▸ **What the task asks**:
The answer must be an exact copy of the lines from the one containing "a view of a" through the last line of the records, with the pictures left out.

* * * *

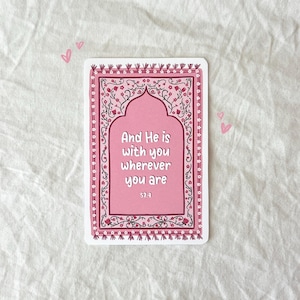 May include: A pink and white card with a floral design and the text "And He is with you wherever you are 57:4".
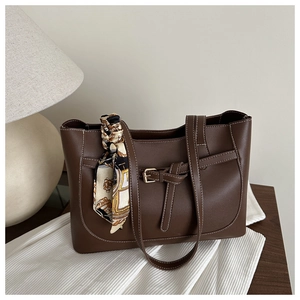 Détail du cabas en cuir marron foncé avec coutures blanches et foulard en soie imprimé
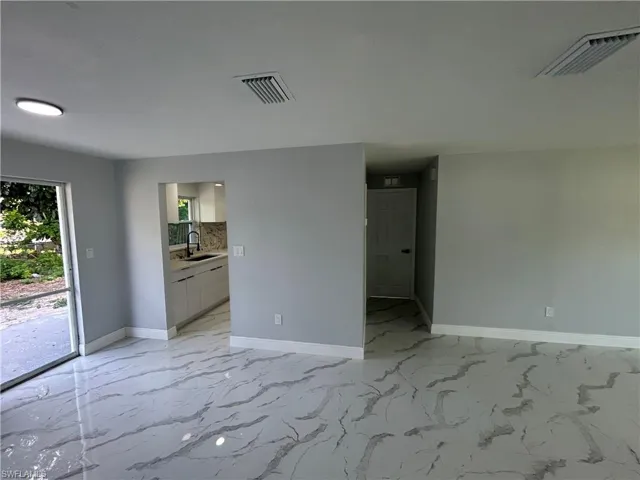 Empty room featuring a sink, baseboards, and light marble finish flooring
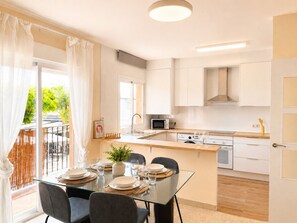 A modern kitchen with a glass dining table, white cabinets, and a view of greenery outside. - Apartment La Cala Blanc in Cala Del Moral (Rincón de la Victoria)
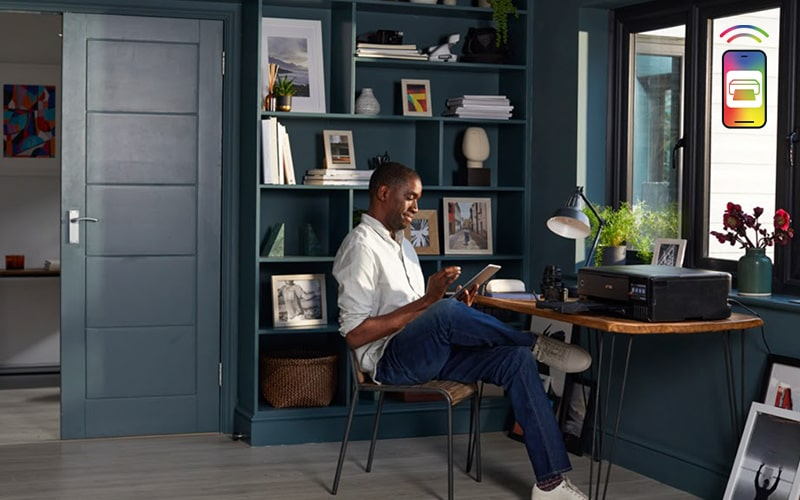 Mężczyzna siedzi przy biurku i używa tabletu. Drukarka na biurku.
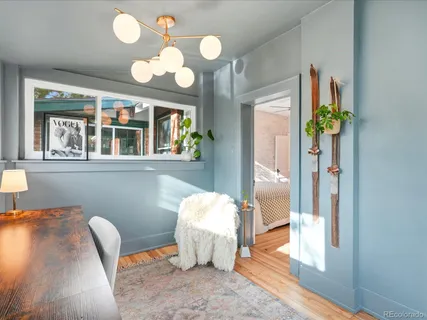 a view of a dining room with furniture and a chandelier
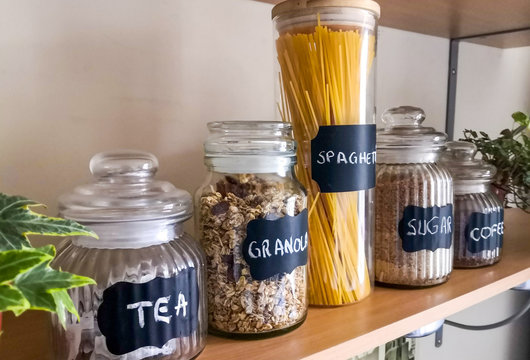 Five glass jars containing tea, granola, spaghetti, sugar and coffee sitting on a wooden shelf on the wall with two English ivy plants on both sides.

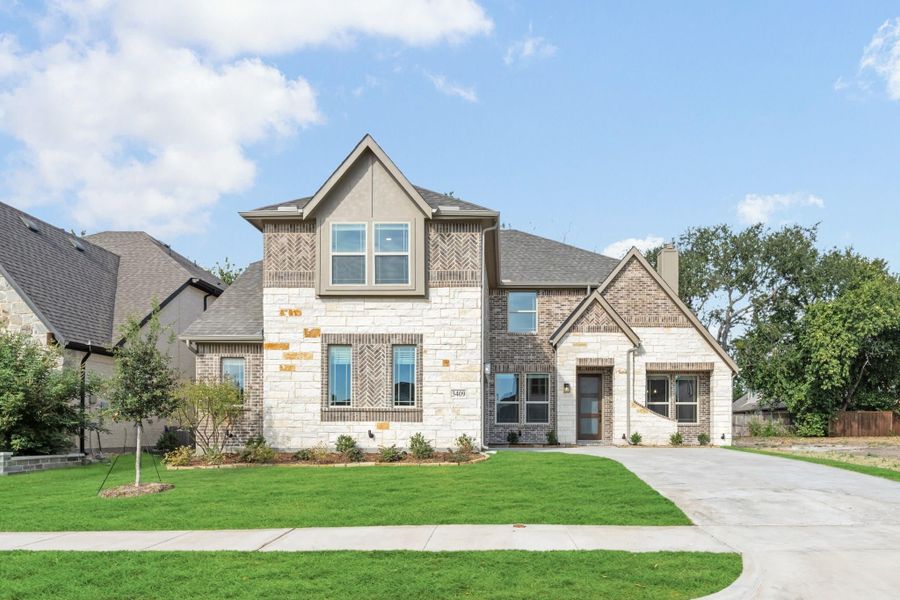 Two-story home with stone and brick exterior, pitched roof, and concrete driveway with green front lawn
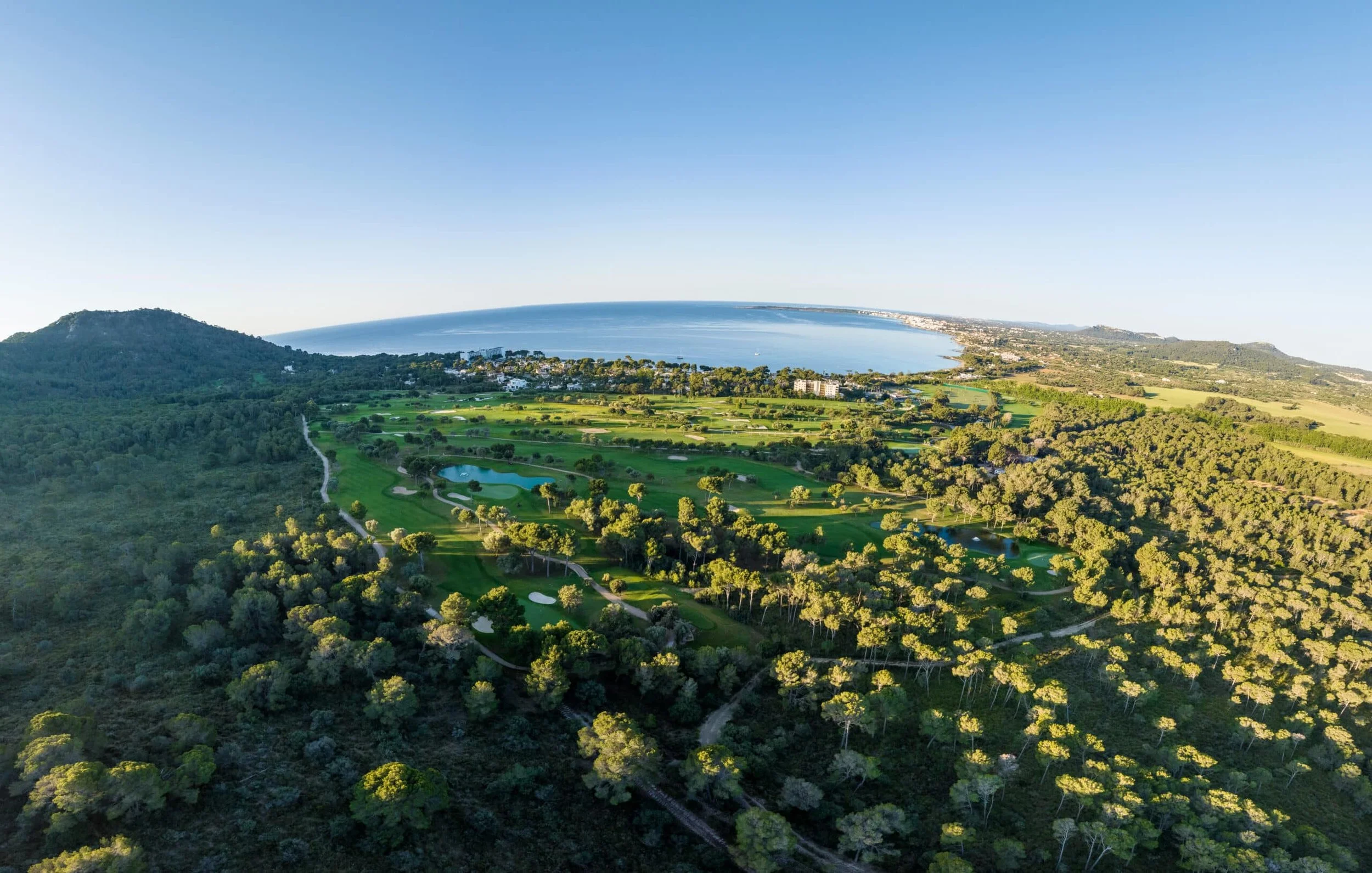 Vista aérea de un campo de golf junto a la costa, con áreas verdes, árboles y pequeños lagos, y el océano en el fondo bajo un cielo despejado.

* * * *

▸ **Result**:
 a view of a dining room with furniture and a chandelier
 Five glass jars containing tea, granola, spaghetti, sugar and coffee sitting on a wooden shelf on the wall with two English ivy plants on both sides.

 Two-story home with stone and brick exterior, pitched roof, and concrete driveway with green front lawn
 Vista aérea de un campo de golf junto a la costa, con áreas verdes, árboles y pequeños lagos, y el océano en el fondo bajo un cielo despejado.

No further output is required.